-- Provided data --
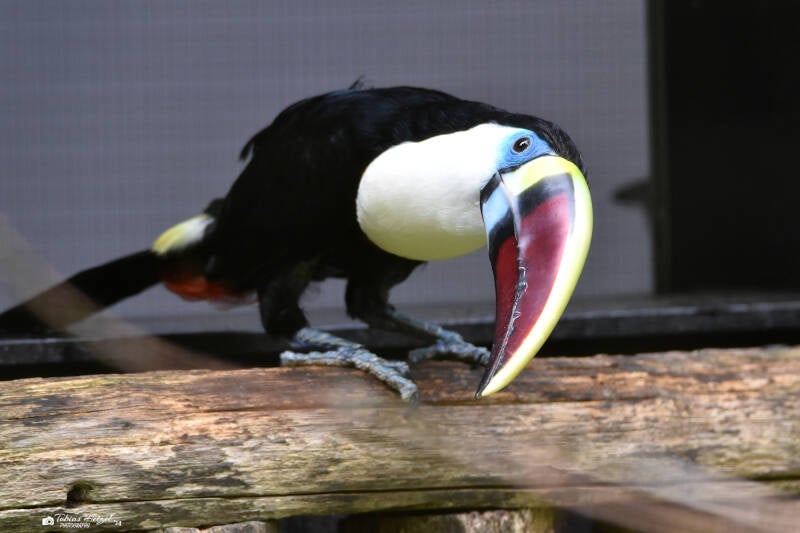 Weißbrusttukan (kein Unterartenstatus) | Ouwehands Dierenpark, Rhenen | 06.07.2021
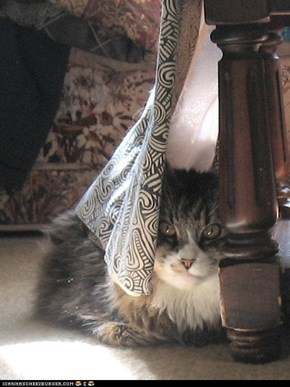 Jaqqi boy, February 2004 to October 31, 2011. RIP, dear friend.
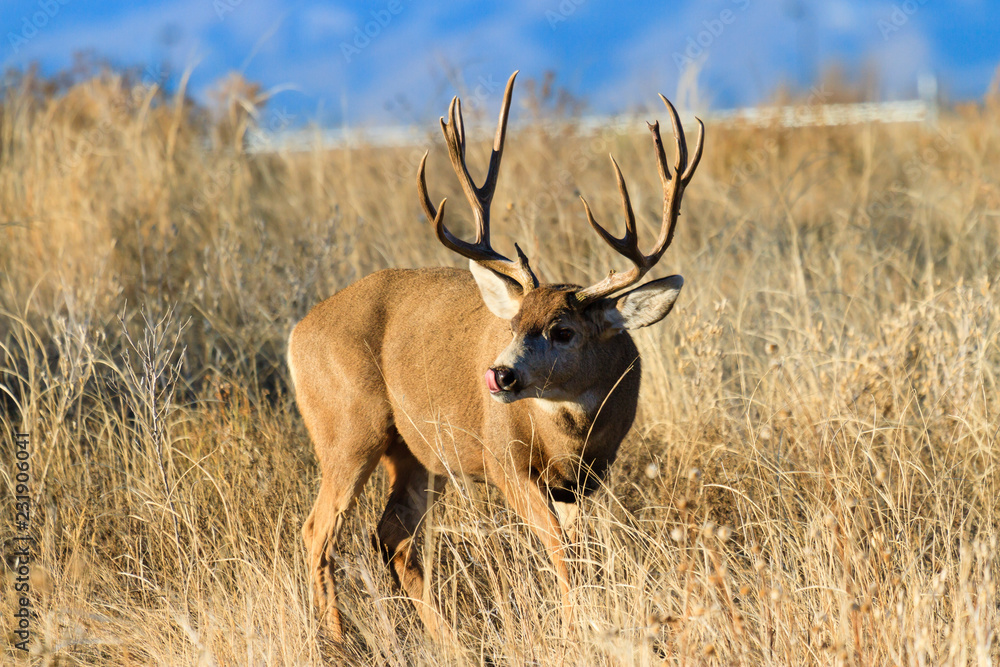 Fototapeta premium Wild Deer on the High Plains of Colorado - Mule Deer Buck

==

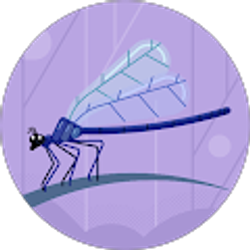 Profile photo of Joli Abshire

-- What this task involves --
Print, exactly, each line above from the one with "Jaqqi boy, February" to the one with "Fototapeta premium Wild", end lines included. Leave pictures out of it.

-- Result of the task --
 Jaqqi boy, February 2004 to October 31, 2011. RIP, dear friend.
 Fototapeta premium Wild Deer on the High Plains of Colorado - Mule Deer Buck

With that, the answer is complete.